Luc P. Devroye is a Belgian computer scientist/mathematician and a James McGill Professor in the School of Computer Science of McGill University in Montreal, Canada. He studied at Katholieke Universiteit Leuven and subsequently at Osaka University and in 1976 received his PhD from University of Texas at Austin under the supervision of Terry Wagner. Devroye specializes in the probabilistic analysis of algorithms, random number generation and enjoys typography. Since joining the McGill faculty in 1977 he has won numerous awards, including an E.W.R. Steacie Memorial Fellowship (1987), a Humboldt Research Award (2004), the Killam Prize (2005) and the Statistical Society of Canada gold medal (2008). He received an honorary doctorate from the Université catholique de Louvain in 2002, and he received an honorary doctorate from Universiteit Antwerpen on March 29, 2012.

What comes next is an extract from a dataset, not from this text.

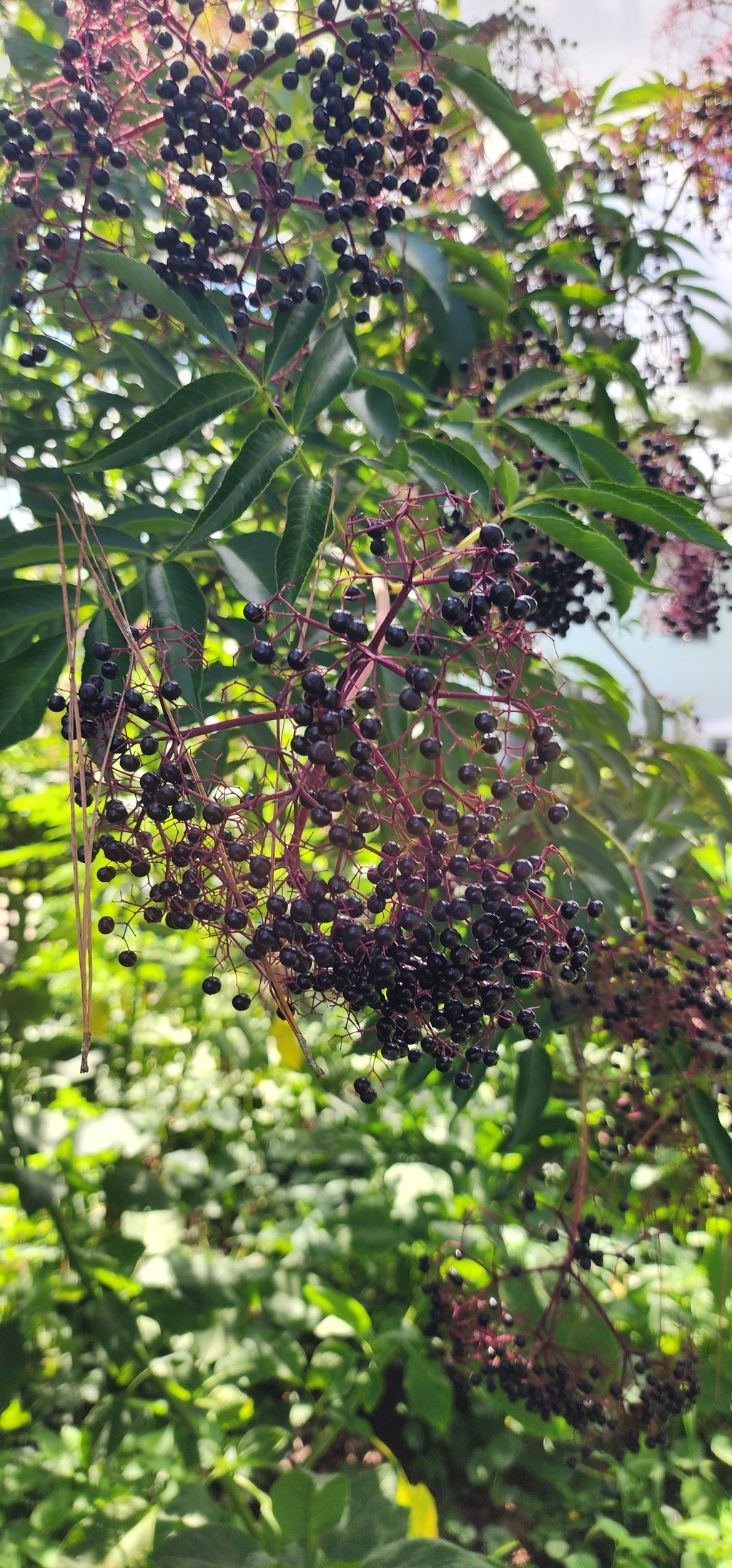 Elderberry "Bob Gordon" - Live Plant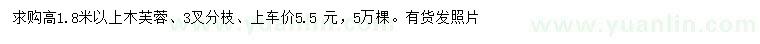 求購高1.8米以上木芙蓉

Invited Tutorial Speaker for ALT 2014

Eyke Hüllermeier

Department of Computer Science, University of Paderborn, Germany

eyke@upb.de

Online Preference Learning and Ranking

> slides <

A primary goal of this tutorial is to survey the field of preference learning, which has recently emerged as a new branch of machine learning, in its current stage of development. Starting with a systematic overview of different types of preference learning problems, methods to tackle these problems, and metrics for evaluating the performance of preference models induced from data, the presentation will focus on theoretical and algorithmic aspects of ranking problems. In particular, recent approaches to preference-based online learning with bandit algorithms will be covered in some depth.

Bio

Eyke Hüllermeier is a full professor in the Department of Computer Science at the University of Paderborn, Germany, where he heads the Intelligent Systems group. He studied mathematics and business computing, received his PhD in computer science from the University of Paderborn in 1997, and a Habilitation degree in 2002. Prior to returning to Paderborn in 2014, he spent two years as a post-doctoral researcher at the IRIT in Toulouse (France) and held professorships at the Universities of Dortmund, Magdeburg and Marburg. His research interests are centered around methods and theoretical foundations of intelligent systems, with a specific focus on machine learning and reasoning under uncertainty. He has published more than 200 articles on these topics in top-tier journals and major international conferences, and several of his contributions have been recognized with scientific awards. Professor Hüllermeier is Co-Editor-in-Chief of Fuzzy Sets and Systems, one of the leading journals in the field of Computational Intelligence, and serves on the editorial board of several other journals, including Machine Learning, the International Journal of Approximate Reasoning, and the IEEE Transactions on Fuzzy Systems. He is a coordinator of the EUSFLAT working group on Machine Learning and Data Mining and head of the IEEE CIS Task Force on Machine Learning. In recent years, he was involved in the organization of several international conference. Currently, he is PC Co-Chair of ECML/PDKK-2014, the European Conference on Machine Learning and Principles and Practice of Knowledge Discovery in Databases (Nancy, France).